WORK TO BE COMPLETED
Using only the entries below, output the lines starting at the one containing "Ik zou liever" and ending at the one containing "Vosne-Romanée, 1er Cru, Jacqueline", exactly and inclusive of both, omitting the pictures.

SOURCE DATA
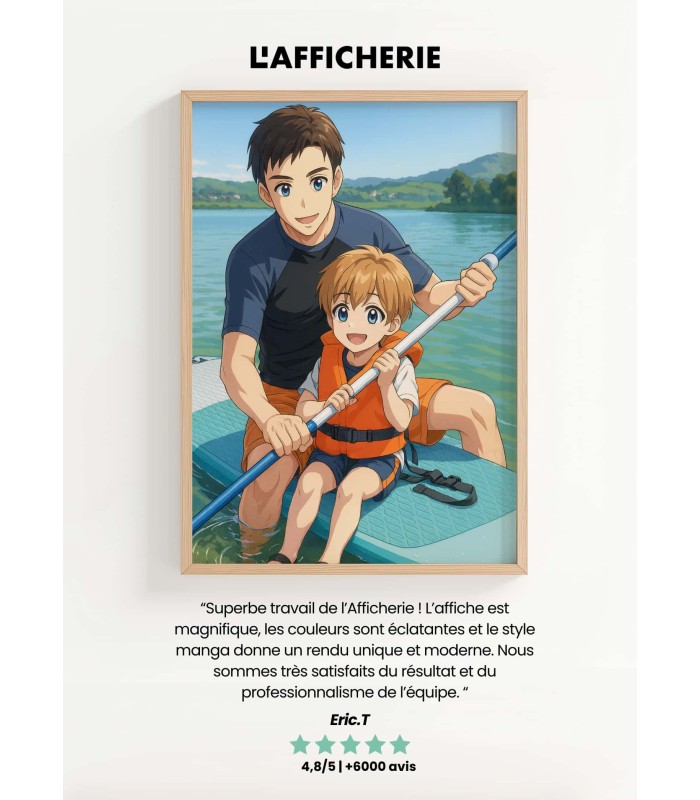 Affiche Manga Personnalisée┃Papa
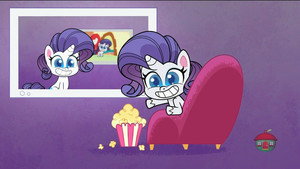 Rarity, star de la télé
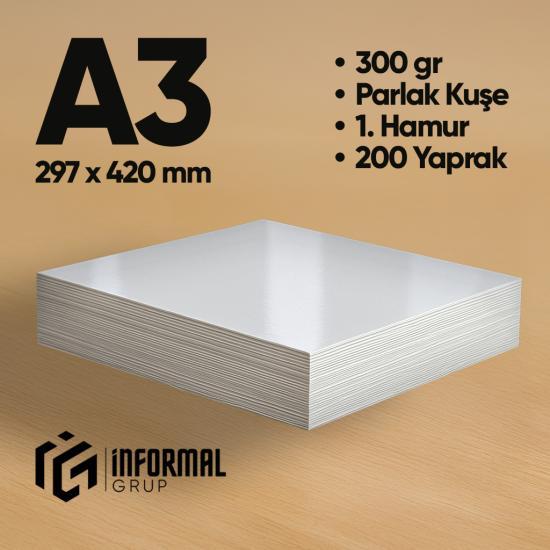 İnformal Fotokopi Kağıdı Premium Kalite A3 300 gr 200 Yaprak 1. Hamur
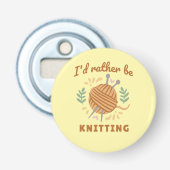 Ik zou liever blijven zitten button flesopener (Voorkant)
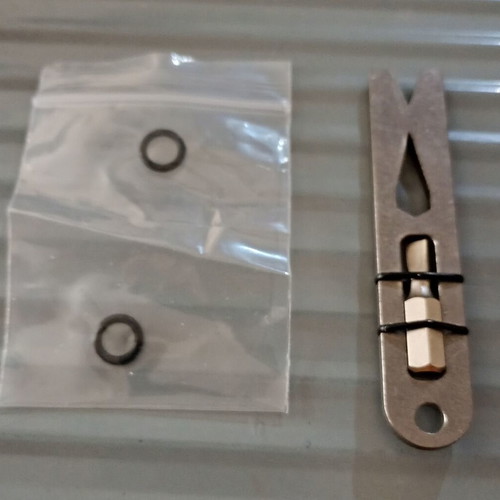 Multifunctional titanium EDC pocket tool with screwdriver and O-rings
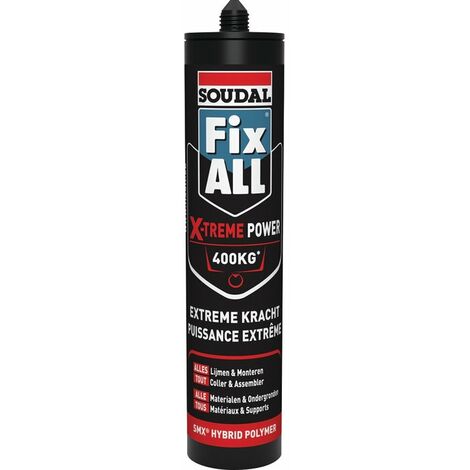 Soudal – Mastic de fixation blanc 290 ml – Adhérence exceptionnelle sur tous supports – Résistance UV et conditions climatiques – Application facile (1/4)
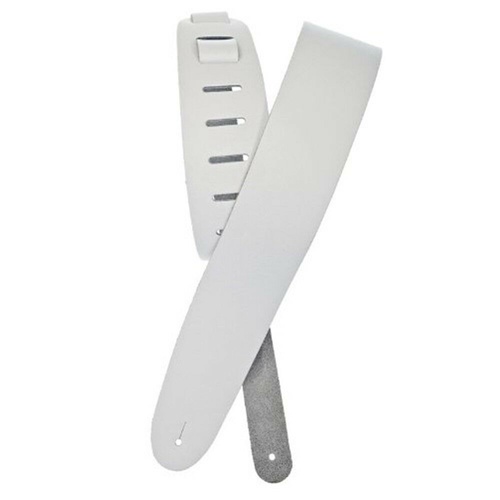 Planet Waves Traditional Leather Guitar Strap White Adjustable 44" - 53" 25BL02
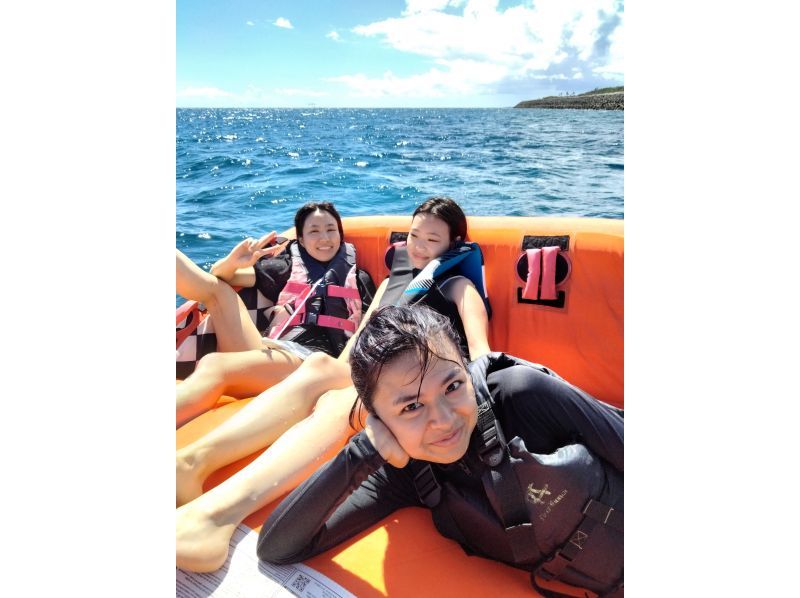 【名護市・今帰仁村・古宇利島】迷ったらコレ！バナナボートなど最新の乗り物６種類から2つ選べる海あそび満喫プラン！(Aプラン）の紹介画像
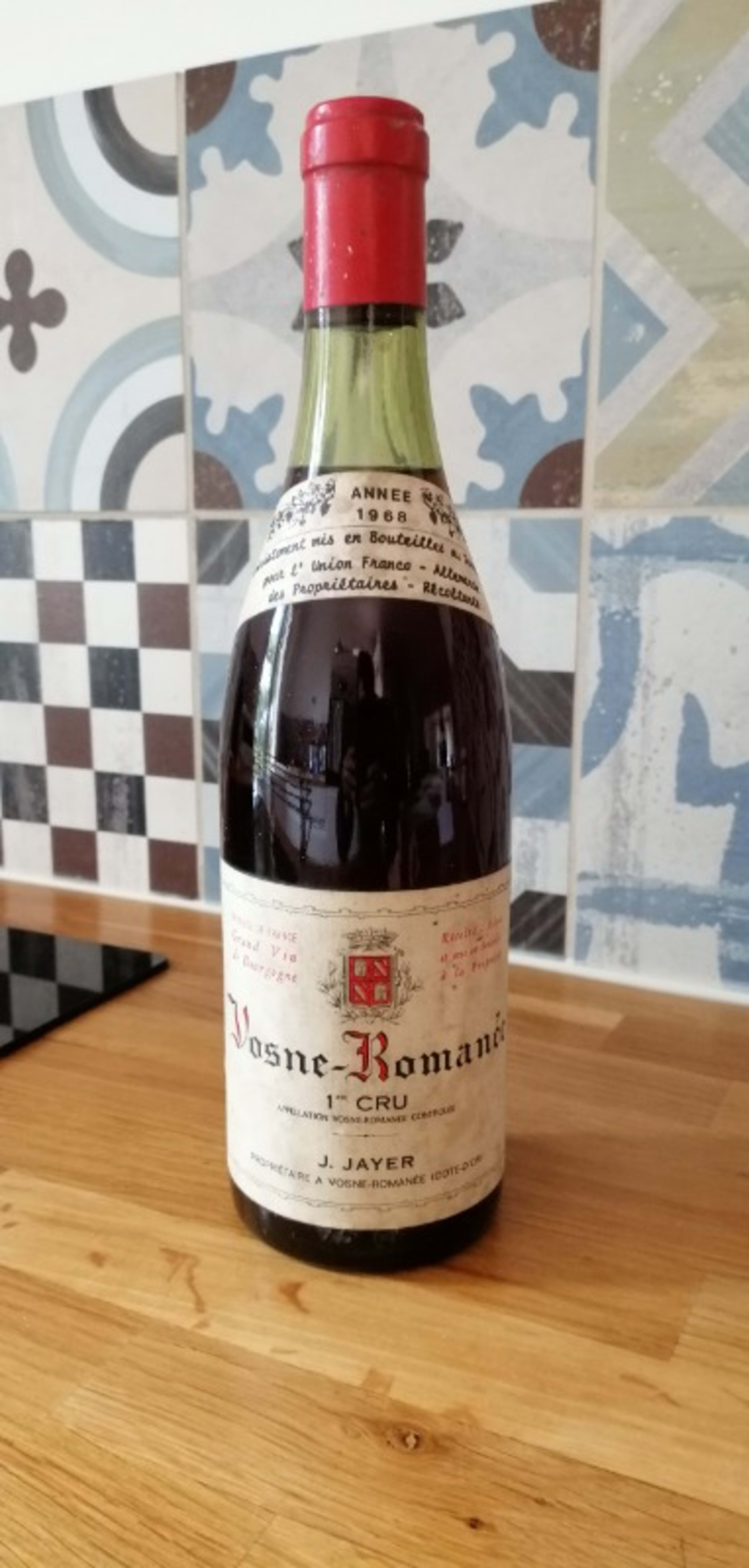 Vosne-Romanée, 1er Cru, Jacqueline Jayer, 1968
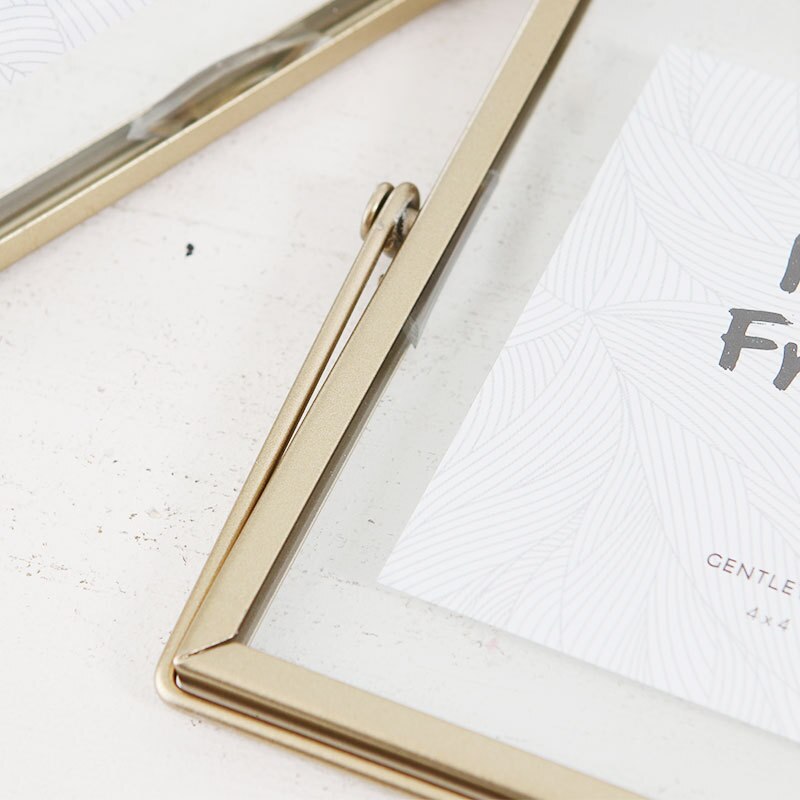 Cat Bracket Metallic Glass Photo Frame Portrait Holder Freestanding DIY Photo Frame Desktop Display Home Decoration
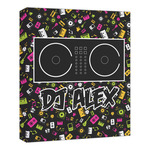 DJ Music Master Canvas Print - 20x24 (Personalized)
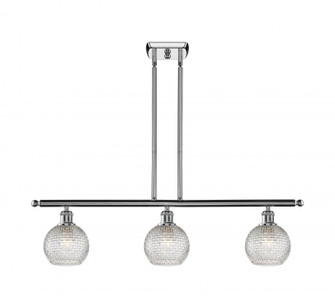 Athens - 3 Light - 36 inch - Polished Chrome - Cord hung - Island Light (3442|516-3I-PC-G122C-6CL)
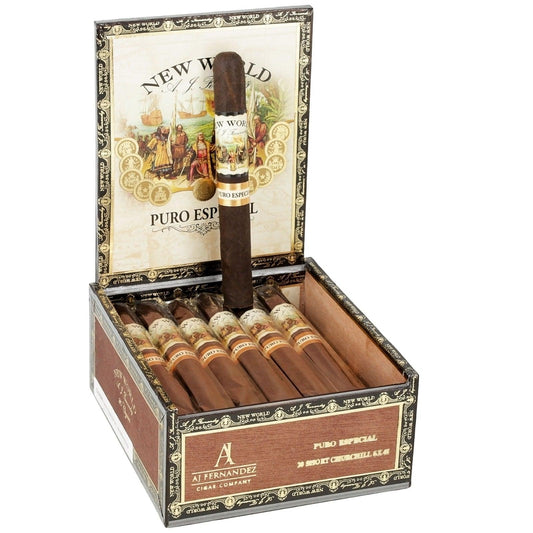 Charuto New World Puro Especial Short Churchill cx/20 Reidocharuto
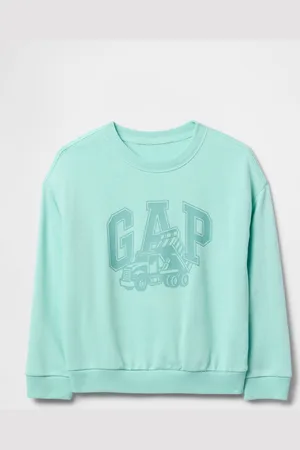 GAP Felpa azzurra con logo , Bambino, , Taglia 6-12M/69-74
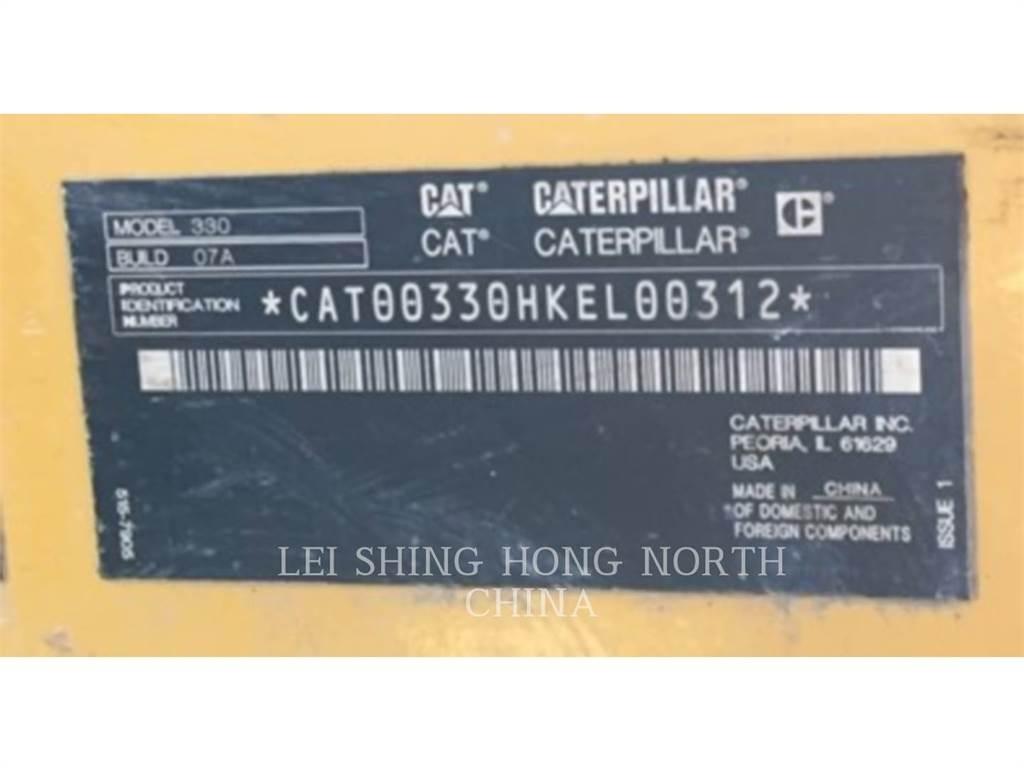 CAT 330-07 Lánctalpas kotrók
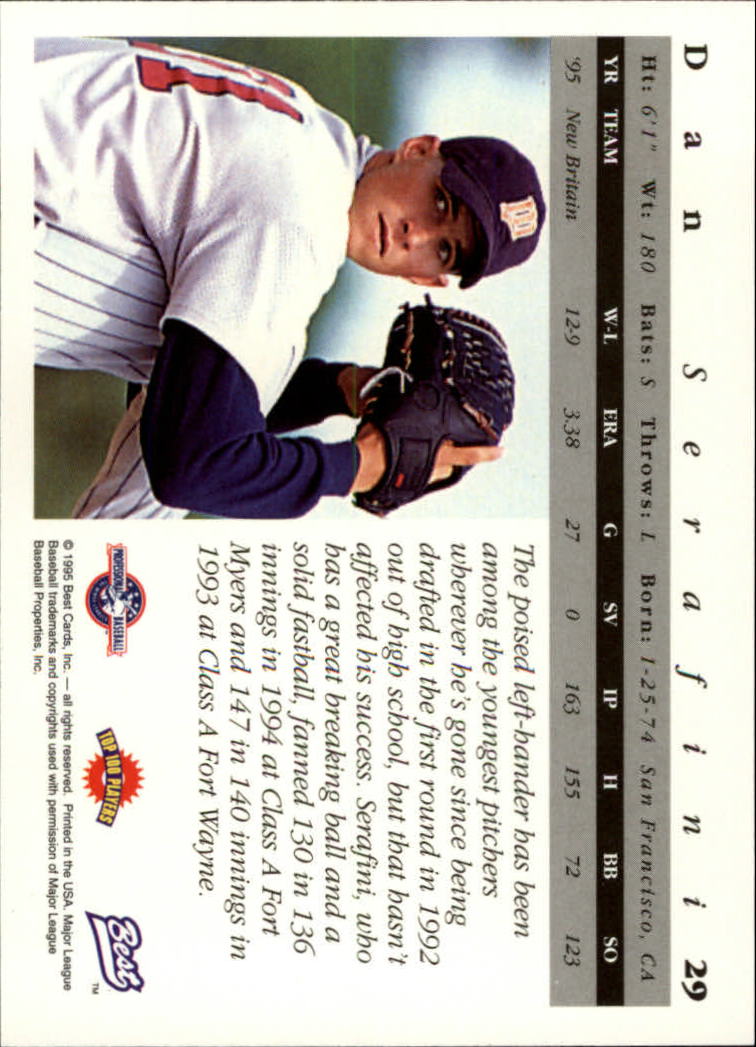A5376- 1995 Best Baseball Card #s 1-135 +Rookies -You Pick- 15+ FREE US SHIP - Picture 59 of 203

EXERCISE OUTPUT
 Ik zou liever blijven zitten button flesopener (Voorkant)
 Multifunctional titanium EDC pocket tool with screwdriver and O-rings
 Soudal – Mastic de fixation blanc 290 ml – Adhérence exceptionnelle sur tous supports – Résistance UV et conditions climatiques – Application facile (1/4)
 Planet Waves Traditional Leather Guitar Strap White Adjustable 44" - 53" 25BL02
 【名護市・今帰仁村・古宇利島】迷ったらコレ！バナナボートなど最新の乗り物６種類から2つ選べる海あそび満喫プラン！(Aプラン）の紹介画像
 Vosne-Romanée, 1er Cru, Jacqueline Jayer, 1968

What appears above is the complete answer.